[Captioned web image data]
----------

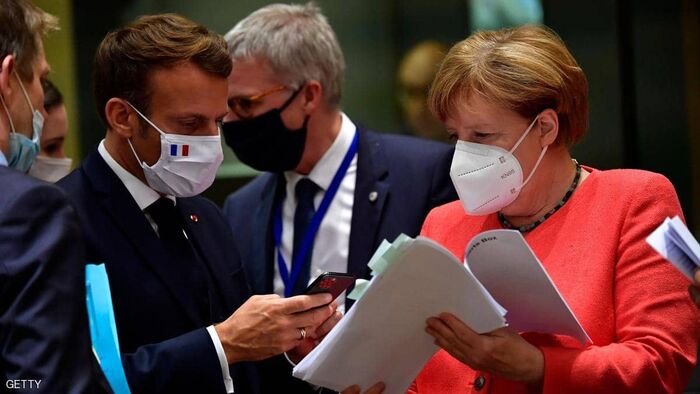 قادة الاتحاد الأوروبي يتفقون على حزمة التعافي من كورونا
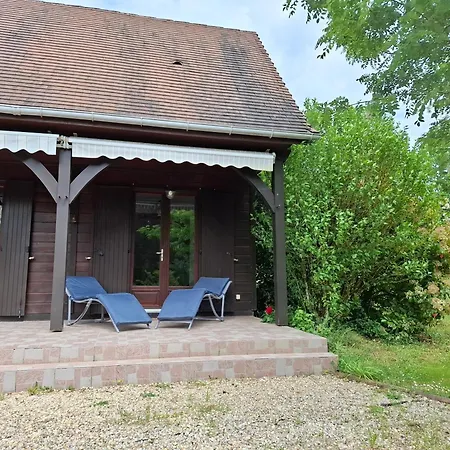 Les Du Castang *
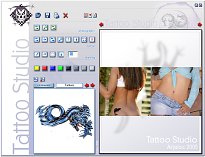 Další z možností Tattoo Studio Další z možností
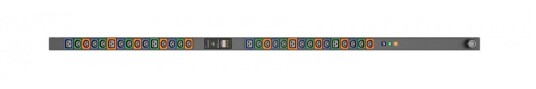 VERTIV Geist Rack PDU, Metered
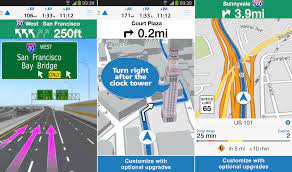 Download garmin drive™ and enjoy it on your iphone, ipad, and ipod touch. Garmin Launches Viago Navigation App A New Navigation Experience Geoawesomeness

----------

What is needed here is an exact copy of all the entries, without the pictures.

*TASK RESPONSE*.
 قادة الاتحاد الأوروبي يتفقون على حزمة التعافي من كورونا
 Les Du Castang *
 Další z možností Tattoo Studio Další z možností
 VERTIV Geist Rack PDU, Metered
 Download garmin drive™ and enjoy it on your iphone, ipad, and ipod touch. Garmin Launches Viago Navigation App A New Navigation Experience Geoawesomeness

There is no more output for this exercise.